The US Census Bureau announced today that headline retail sales rose 0.2% in June, with the May sales estimate revised upward by 0.2%. Financial markets focus more on the “control” sales measure, which abstracts from store types frequented heavily by businesses as well as consumers. That measure rose a sprightlier 0.6%, with a +0.1% revision to May sales. Core goods prices were flat in June, so the nominal sales gains stated here for June also hold in real (inflation-adjusted) terms.
The June sales gains were decent, better than what we had generally seen in preceding months, but not substantially so. As you would conclude from looking at the chart here, the June data are mostly in line with the trends of the last two years. Consumer demand is growing at only a modest rate, with most of that growth occurring in services, not the goods-sector data reflected here. By the same token, however, consumer demand is not dropping off the table.

The details within the headlines are perhaps revealing. In June, sales in real terms rose for vehicle dealers, electronics and appliance stores, furniture stores, and online vendors. They declined in real terms for grocery stores, restaurants, department stores, apparel stores, service stations, sporting and leisure goods stores, drug stores, and hardware stores.
With a previous chip shortage alleviated, carmakers have ramped up production ahead of their model-year changeover. Car sales have gone up in turn, but not nearly as much as has production.
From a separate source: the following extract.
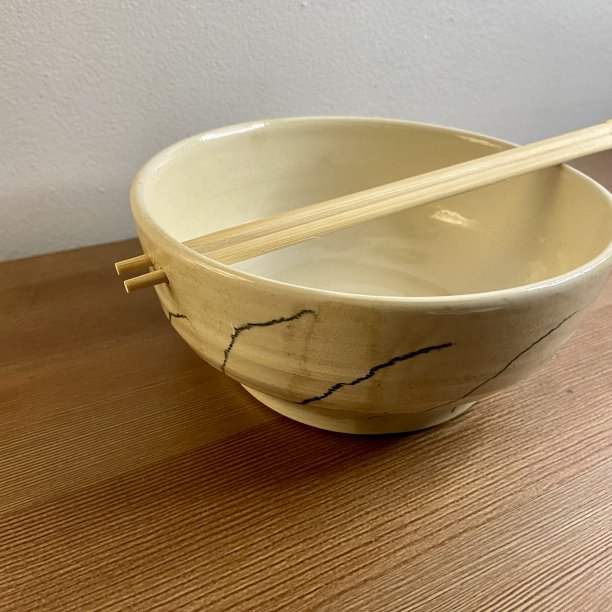 带筷子的陶瓷饭碗。图片下载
Even with the June gain, real car sales are still well below early-year levels. Vehicle inventories are rising, but thanks to the dearth of production earlier, vehicle inventory levels are not dangerously high. Then again, the vehicles now in inventory will be “last year’s models” in two months.
The gains at electronics stores and online vendors are more impressive, but these have been occurring for some time, as have the declines at the store types listed above. None of the declining sectors look especially weak, but all of them evince steady while slight moves lower.
Consumer demand in general and retail demand specifically are stagnant but not abjectly weak. That already looked to be the case prior to today’s news, and the June data didn’t change the picture any.